Franklin was jailed in 2004 for the same type of crime but said he had now he had learnt his lesson.
"All I can say is I'm sorry, I can't go out and miraculously find $73,000 to make it financially better, but all I can say is sorry - I haven't got anything else to give them," he said
Franklin appeared in Napier District Court yesterday for sentencing. He earlier pleaded guilty to 10 charges of obtaining money and goods by deception and three counts of using a document.
His lawyer, Michael McAleer, said Franklin had a gambling addiction and lived in a "fantasyland". He moved through life trying to find easy money, rather than trying to get a job.
Mr McAleer also suggested the victims should have shown common sense - particularly the woman who gave him $10,000. But Franklin rejected that claim.
Judge Bridget Mackintosh said Franklin wreaked havoc with the victims' lives and abused their generosity. He was a conman in the true sense of the word.
She jailed him for two years and eight months. He will serve a minimum 21 months.
But one of the five victims in court murmured: "That's a joke."
No reparation was ordered as Franklin had more than $26,000 owing in reparation from past crimes and realistically could not pay it back.
A relative of Franklin said he had always been crafty. She lambasted the jail term, saying it should have been longer: "To me he'll never change."

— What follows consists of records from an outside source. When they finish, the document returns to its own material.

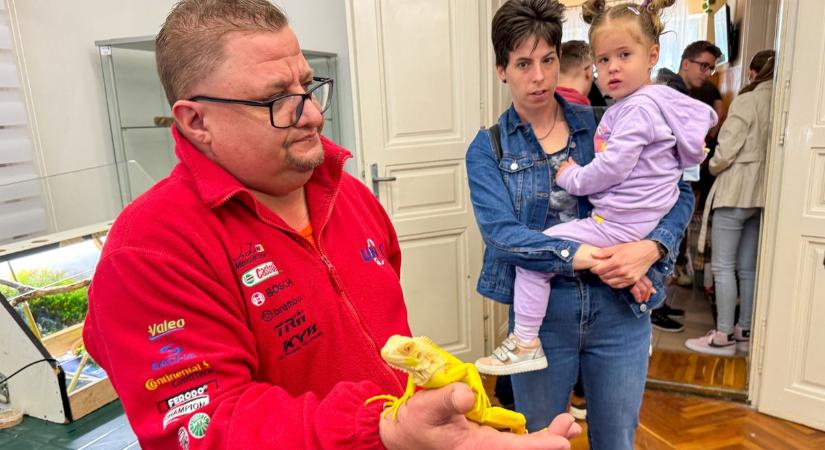 Meg mernéd simogatni a madárpókot? Különleges vendégek lepték el a zalai város művelődési házát (galéria, videó)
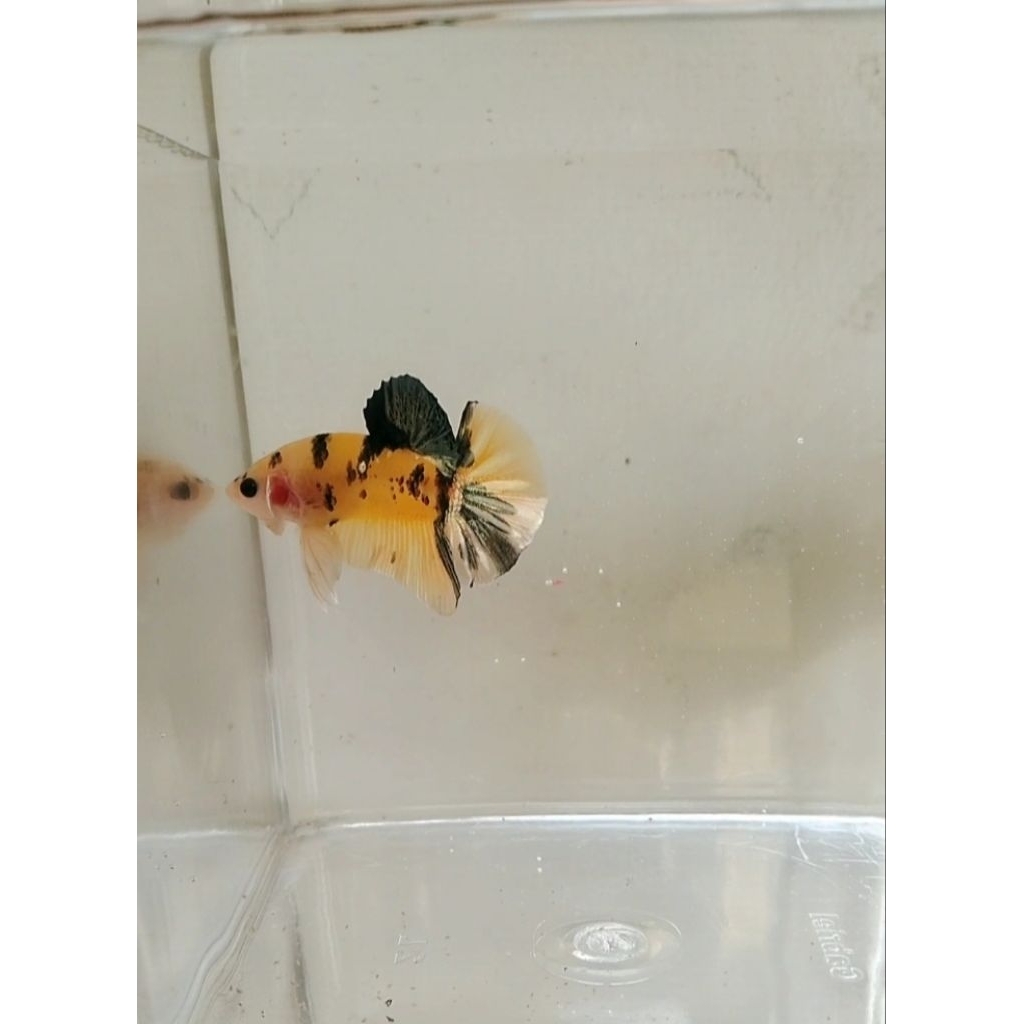 cupang hmpk ykc yellow koi Cooper size M+ 100% sesuai foto/vidio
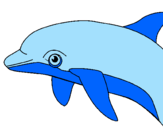Coloring page Dolphin painted byRyla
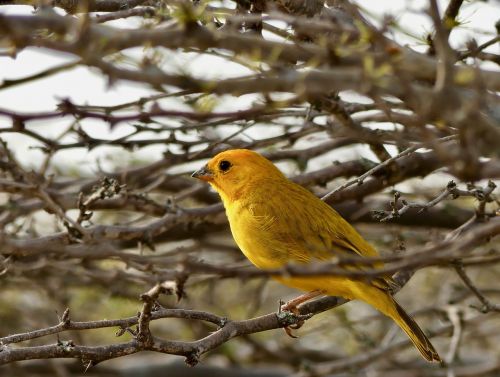 bird desert tacacoa colombia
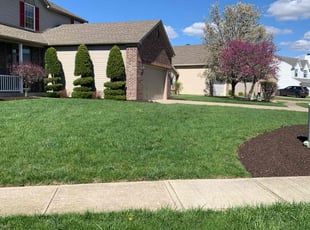 LaTosha G.'s Grass Cutting service result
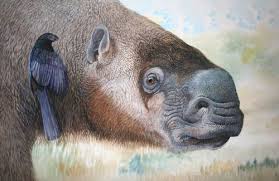 Facebook gives people the power to share and makes. Pin On Paleontology And Prehistoric Life On Earth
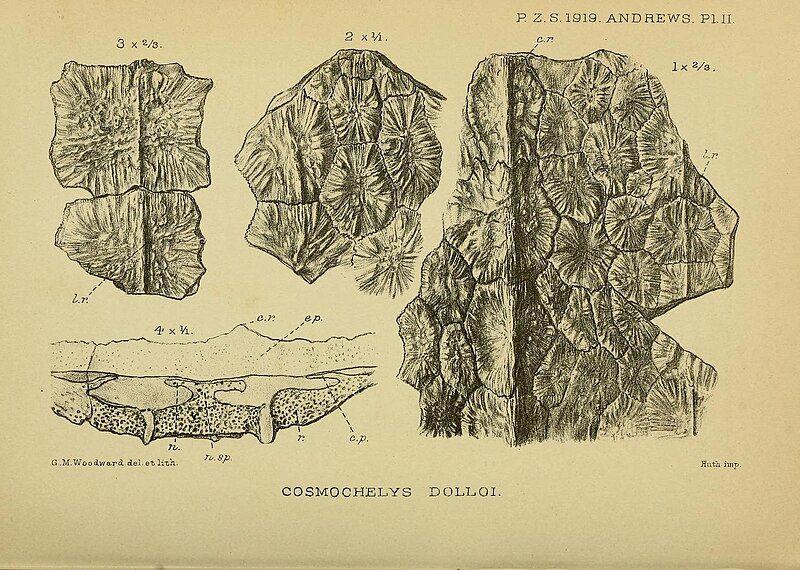 File:Cosmochelys dolloi shell.jpg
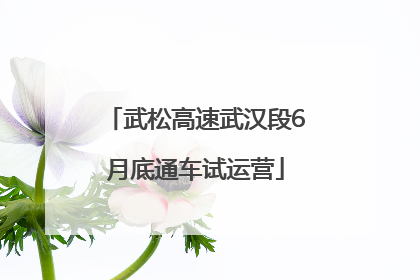 武松高速武汉段6月底通车试运营
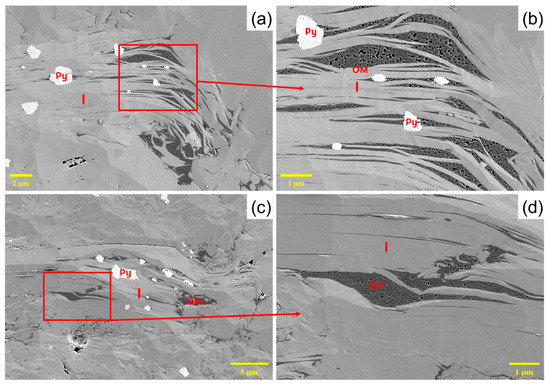 SLの写真 懐かしの蒸気機関車写真館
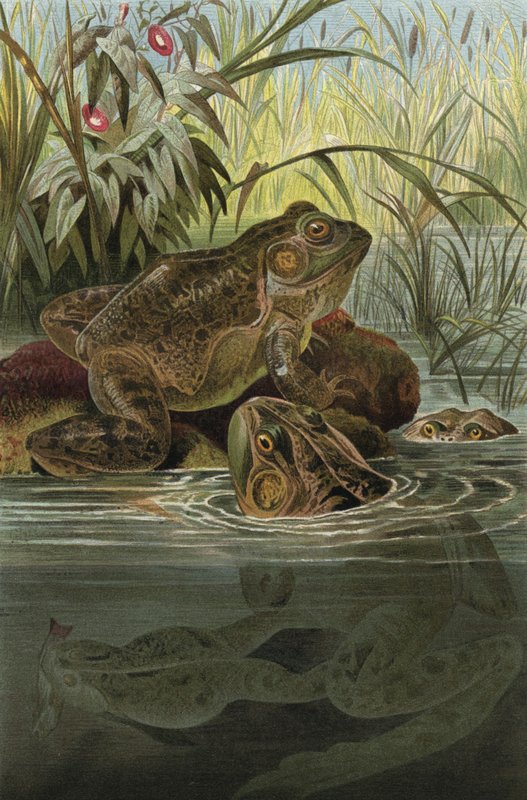 Ochsenfrosch von European School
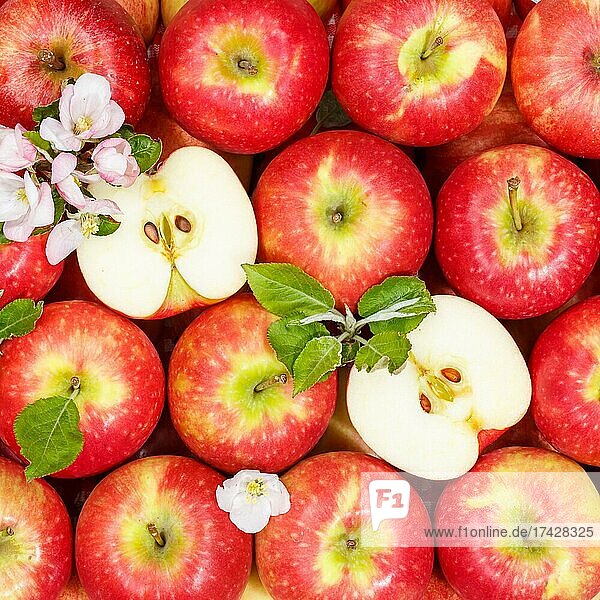 Apples fruits red apple fruit with flowers and leaves from above square  Germany  Europe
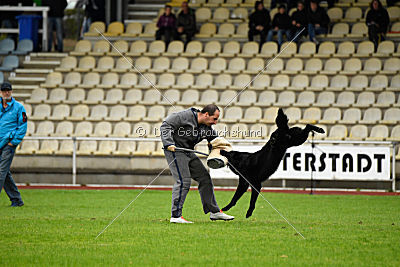 King vom Tim Thaler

Detective Constable Glen Burrell of Napier CIB said Franklin was "ego-driven".
"I would describe him as a career conman. He's a career criminal, that's what he is and he has a charismatic way about him."
"These woman are switched on, they are all professional, all intelligent and you look and think 'how can this happen?' But it's through no fault of their own, he's a predator."
Crown prosecutor Russell Collins described Franklin as a dangerous and cynical offender who should be given no more leniency.